## SparseVectors.jl

A Julia package for sparse vectors.
Popularity
10 Stars
Updated Last
10 Months Ago
Started In
May 2015

# SparseVectors

A Julia package to support sparse vectors. ## Overview

Sparse data has become increasingly common in machine learning and related areas. For example, in document analysis, each document is often represented as a sparse vector, which each entry represents the number of occurrences of a certain word. However, the support of sparse vectors remains quite limited in Julia base.

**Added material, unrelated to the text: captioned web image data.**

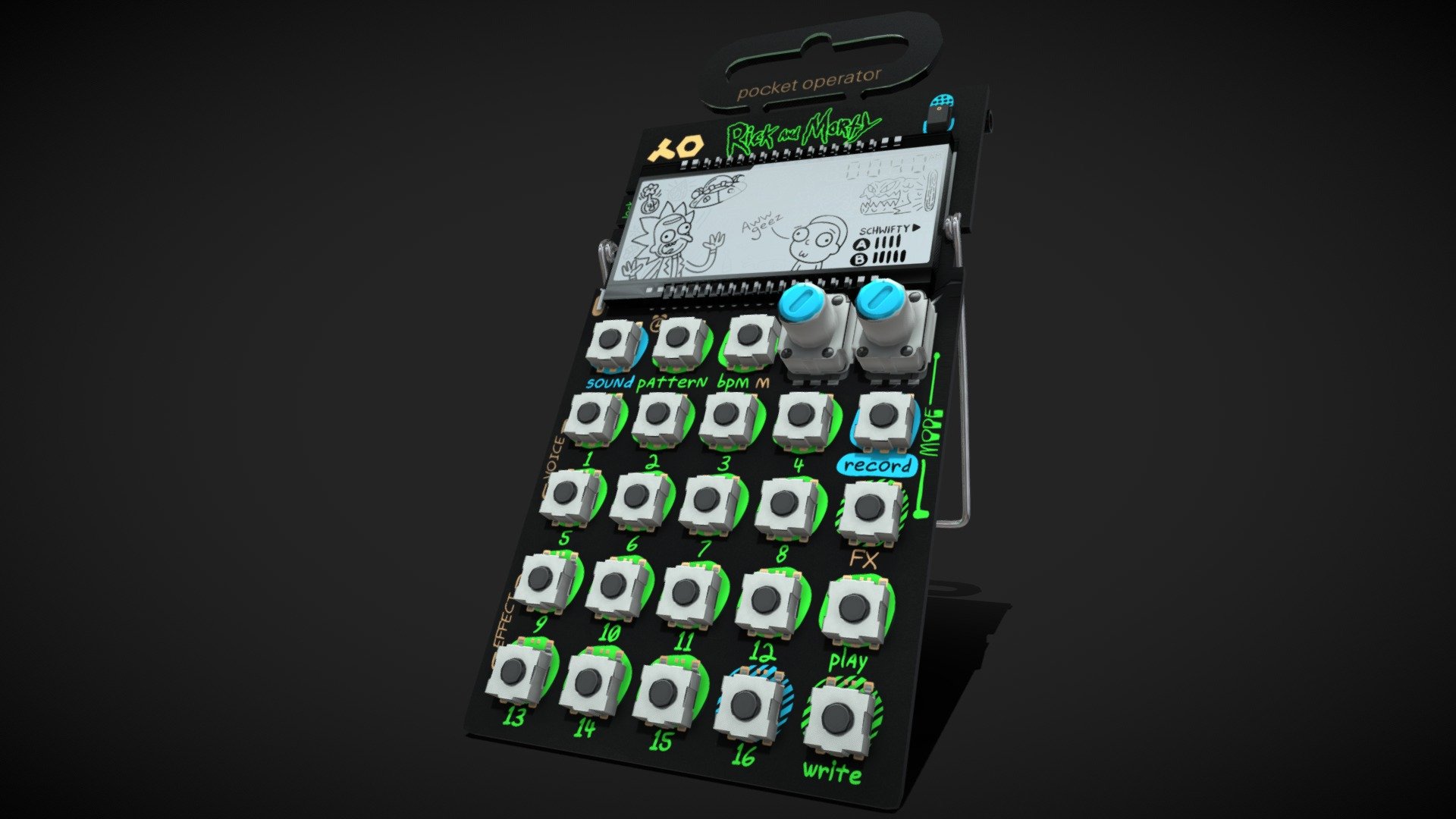Teenage Engineering PO-137 Rick and Morty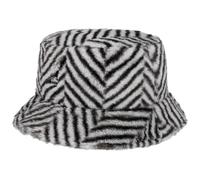 Cappello Faux Fur Bucket Herringbone by Kangol grigio S (54-55 cm)
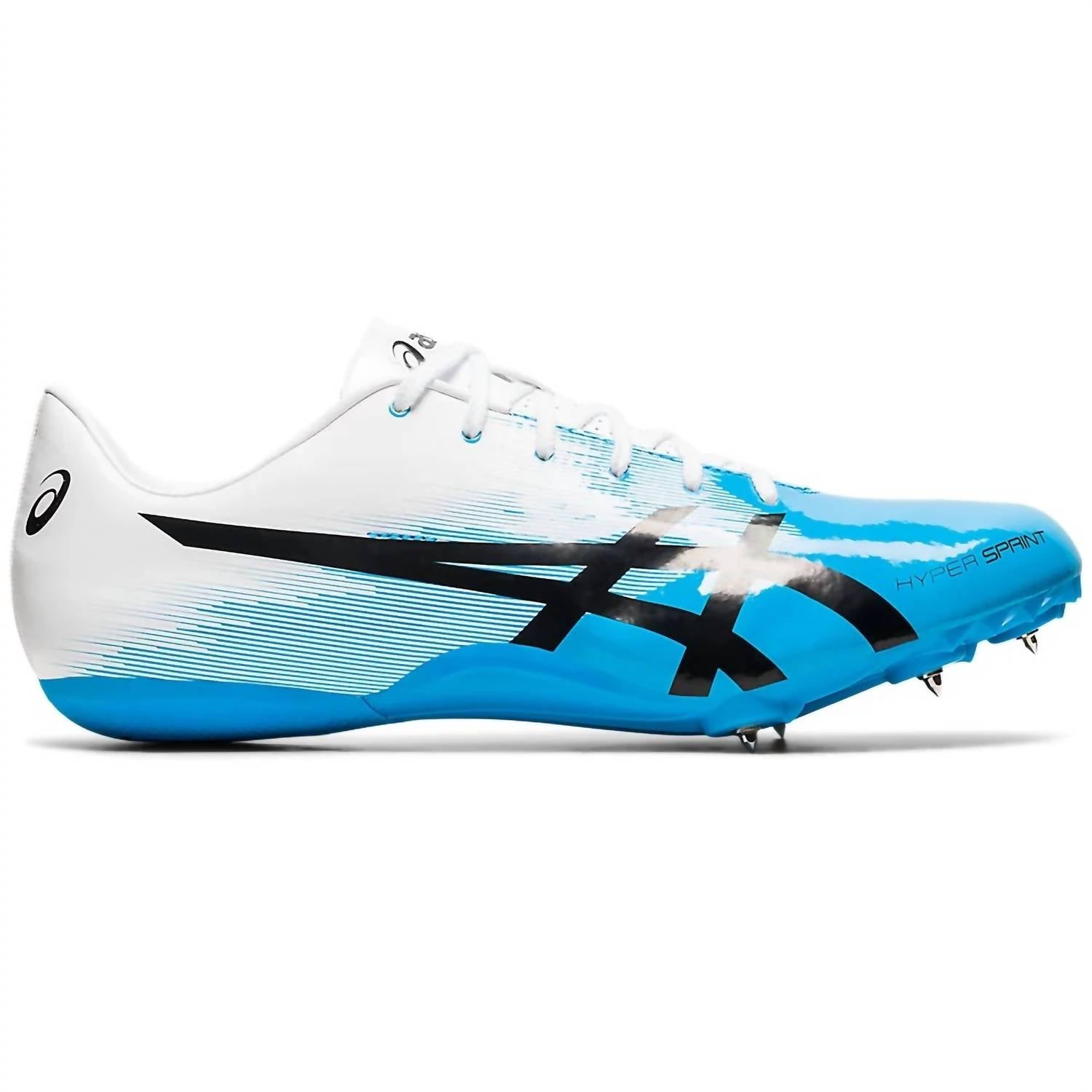ASICS Men's Hypersprint 7 Shoes in digital aqua black - men's shoe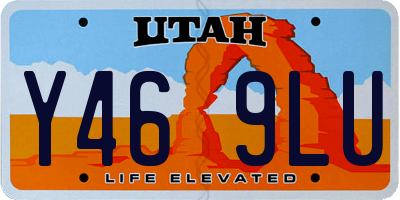 UT license plate Y469LU
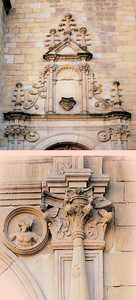 107. Medallions with busts and branching pinnacles on the side doorway at Eibar.© Jonathan Bernal
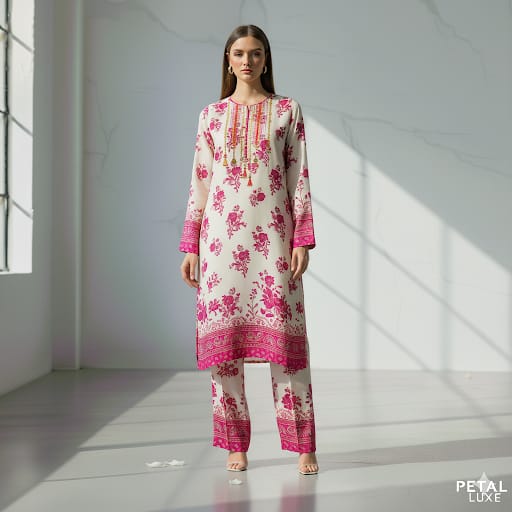 Fuchsia Bloom -  Premium 2-Pc Unstitched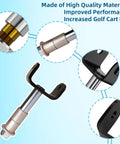 Close-up of Club Car DS Deluxe Front End Repair Kit For 1993 Up Golf Carts, metal suspension components, easy install.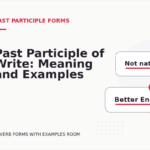 Past Participle of Write: Meaning and Examples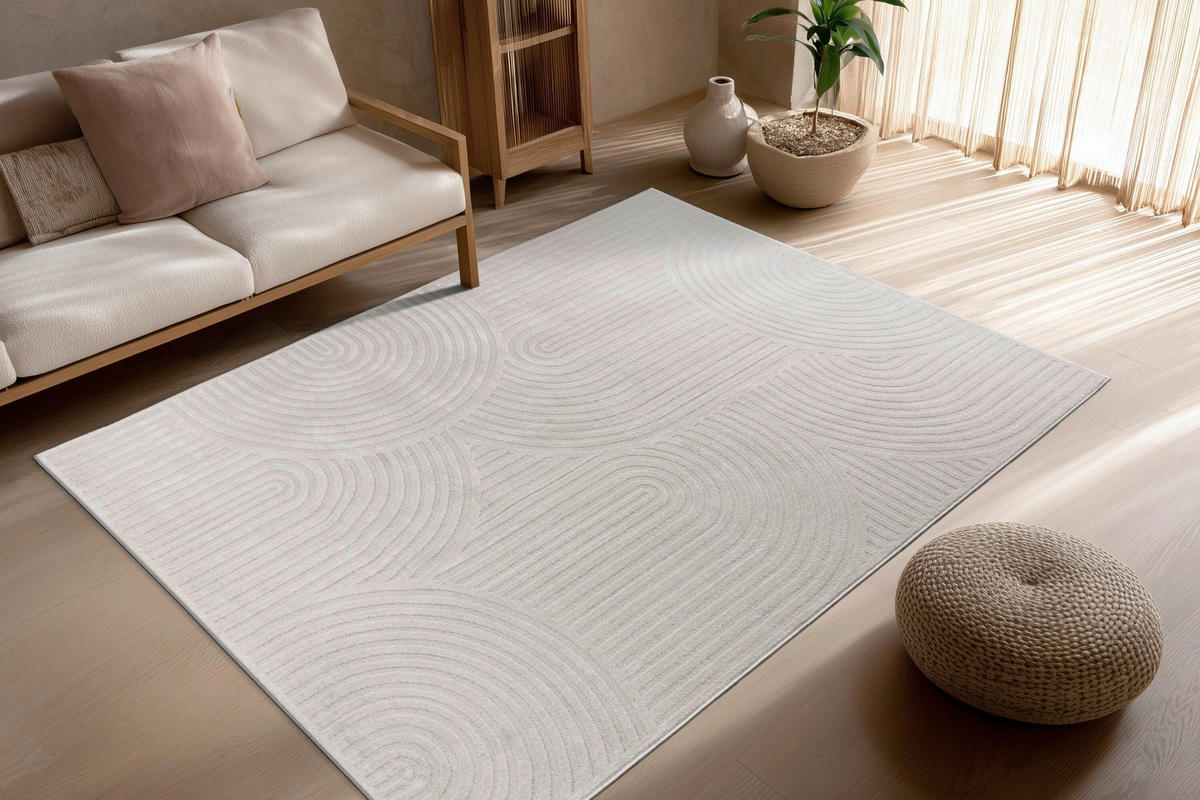 FLACHWEBETEPPICH 200/290 cm Silberfarben rechteckig  - Silberfarben, Basics, Textil (200/290cm) - Kayoom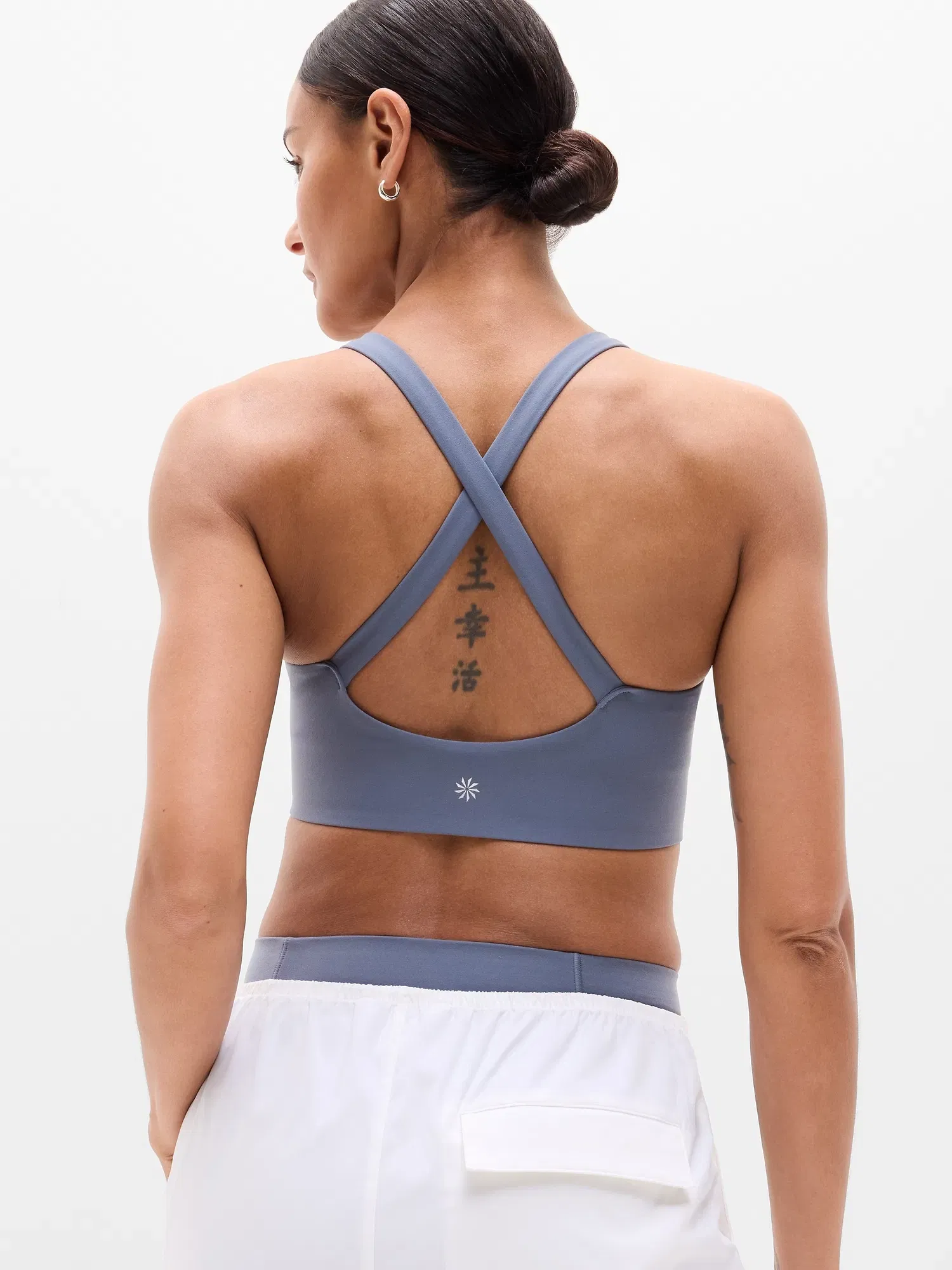 Athleta Perfect Form Longline Bra A-C - Gray (Slate)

This package provides two types `SparseVector` and `SparseVectorView` and a series of methods to work with sparse vectors. Specifically, this package provides the following functionalities:

• Construction of sparse vectors, either with given non-zero entries or randomly.
• Get a view of a column in a sparse matrix (of CSC format), or a view of a range of columns.
• Specialized arithmetic functions on sparse vectors, e.g. `+`, `-`, `*`, etc.
• Specialized math functions on sparse vectors, e.g. `abs`, `abs2`, `exp`, `sin`, etc.
• Specialized reduction functions on sparse vectors, e.g. `sum`, `vecnorm`, etc.
• Specialized linear algebraic functions, e.g. `axpy!`, `dot`, `A * x`, `At_mul_B`, etc.

Note: Many of the functionalities implemented in this package may be migrated to Julia Base in `v0.5` development cycle.

## Types

This package defines two types.

• `SparseVector`: a sparse vector that owns its memory
• `SparseVectorView`: a view of external data as a sparse vector.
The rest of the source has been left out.